* [What is expected]: From the line containing "Does Ristorante Bilacus" through the last line of the records below, output every line exactly, both ends included, except the pictures.

(Short web captions)
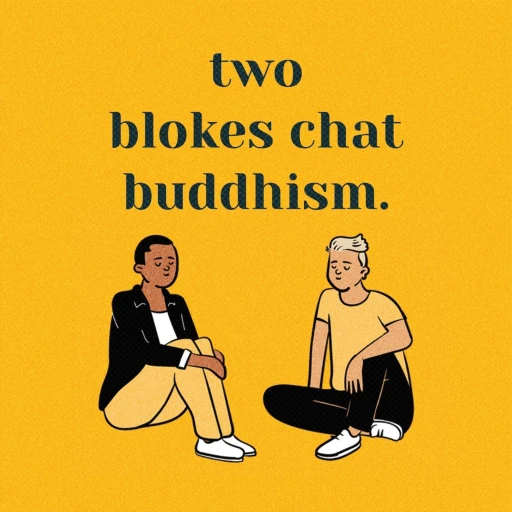 Two Blokes Chat Buddhism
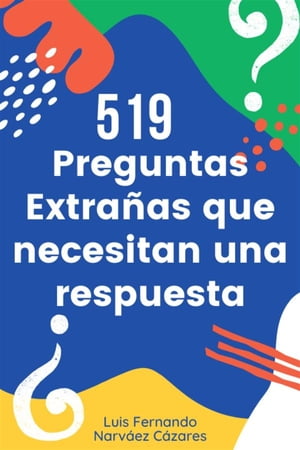 519 Preguntas Extrañas Que Necesitan Una Respuesta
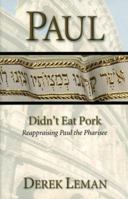 Paul Didn't Eat Pork: Reappraising Paul The Pharisee 097478141X Book Cover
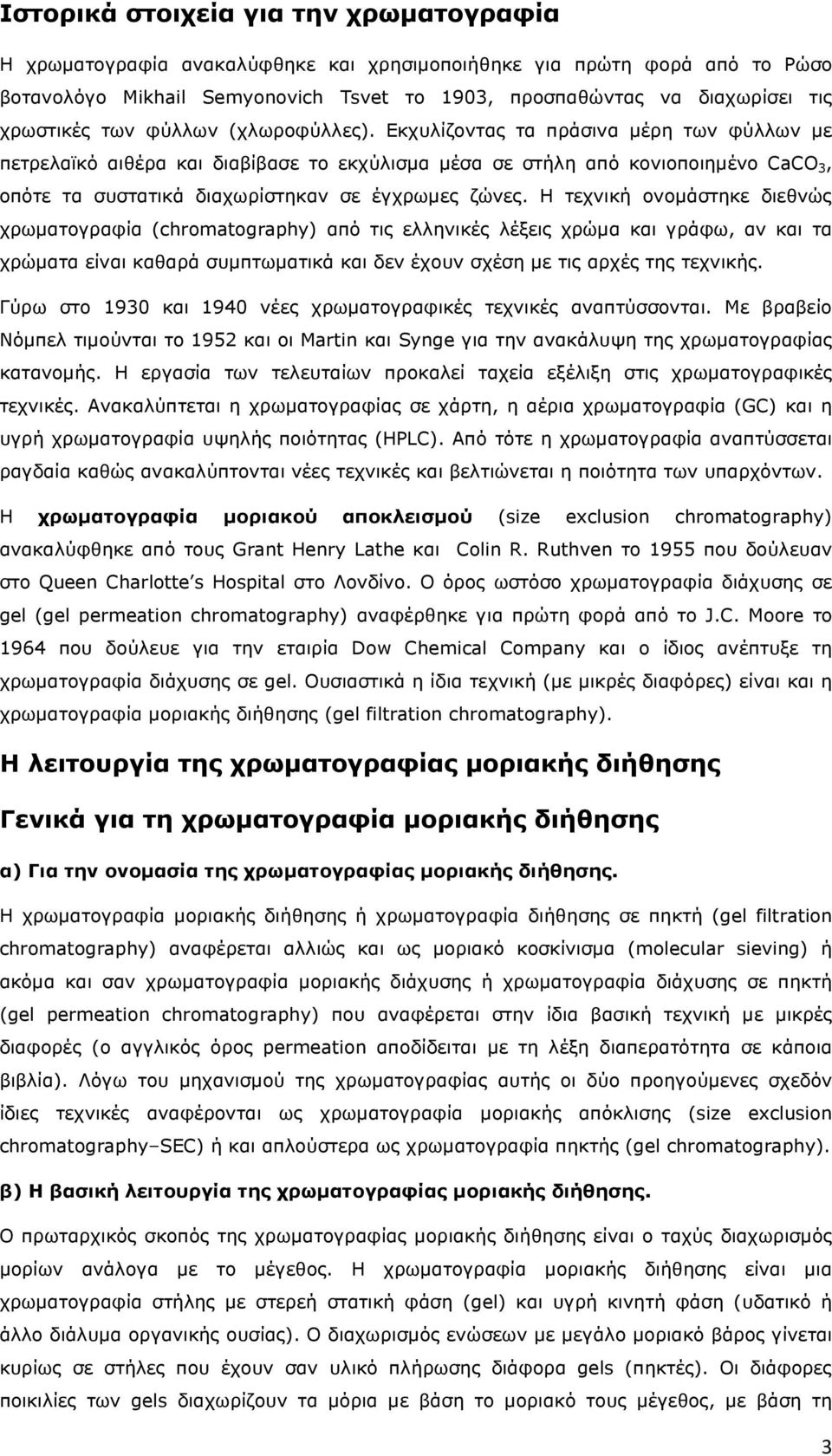 Εκχυλίζοντας τα πράσινα µέρη των φύλλων µε πετρελαϊκό αιθέρα και διαβίβασε το εκχύλισµα µέσα σε στήλη από κονιοποιηµένο CaCO 3, οπότε τα συστατικά διαχωρίστηκαν σε έγχρωµες ζώνες.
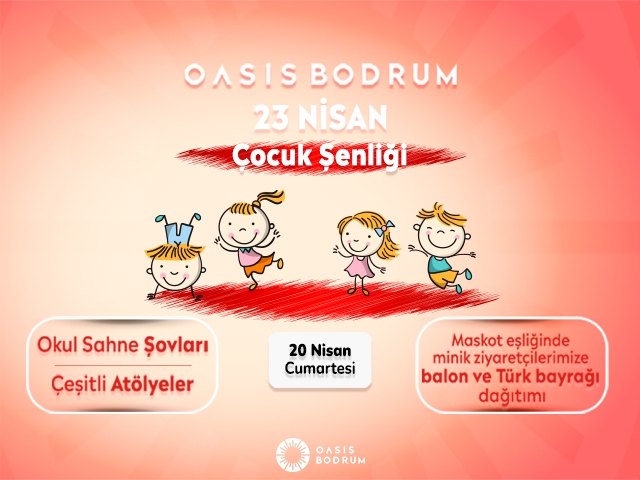 23 Nisan Ulusal Egemenlik Ve Çocuk Bayramı’nda Tüm Çocuklar Oasıs’te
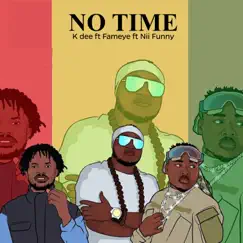No Time (feat. Fameye & Nii Funny) - Single by K Dee album reviews, ratings, credits
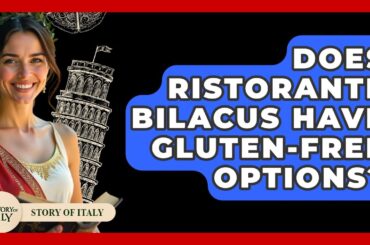 Does Ristorante Bilacus Have Gluten-free Options? - Story Of Italy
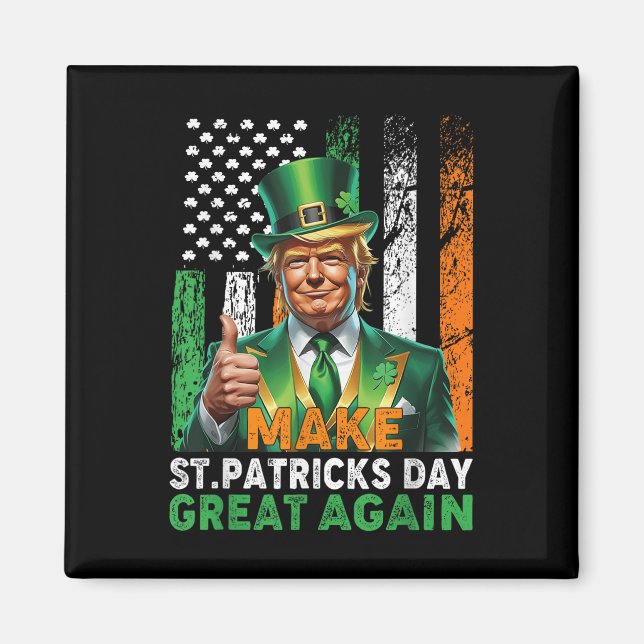 Make St Patricks Day Great Again Funny St Patricks Magnet (Front)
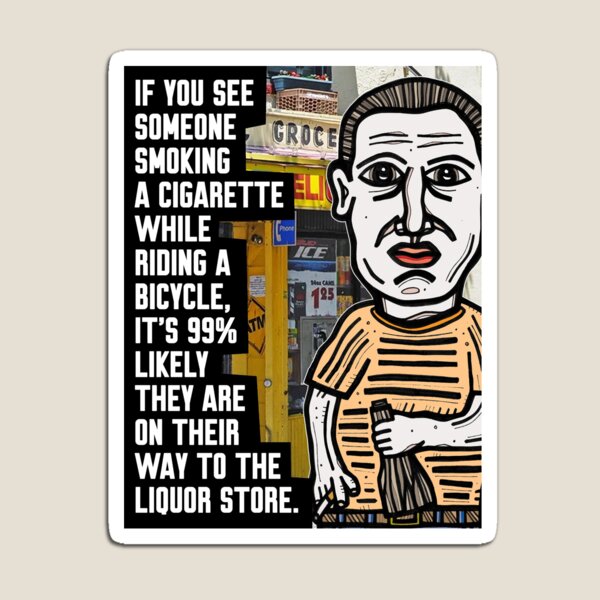 "If you see someone smoking a cigarette while..." Magnet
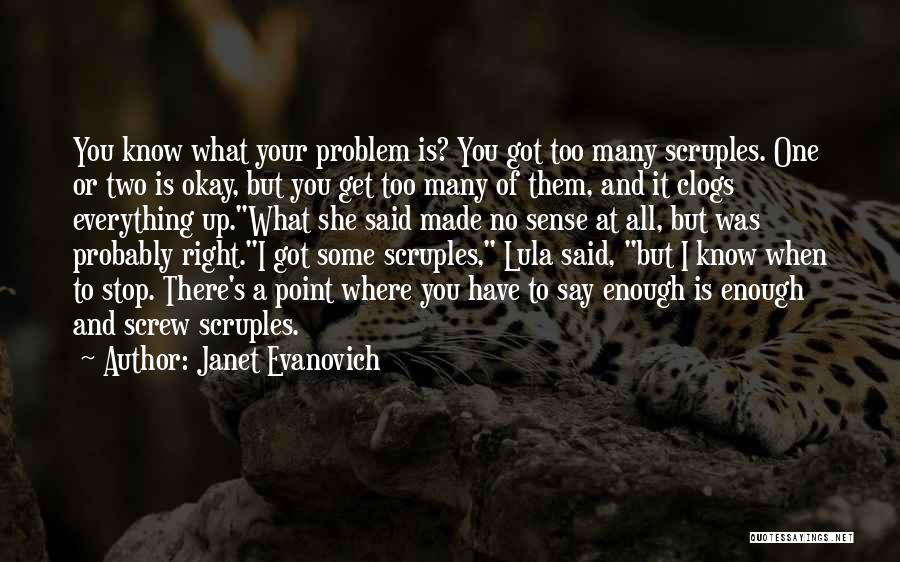 At One Point Quotes By Janet Evanovich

* [Task output]:
 Does Ristorante Bilacus Have Gluten-free Options? - Story Of Italy
 Make St Patricks Day Great Again Funny St Patricks Magnet (Front)
 "If you see someone smoking a cigarette while..." Magnet
 At One Point Quotes By Janet Evanovich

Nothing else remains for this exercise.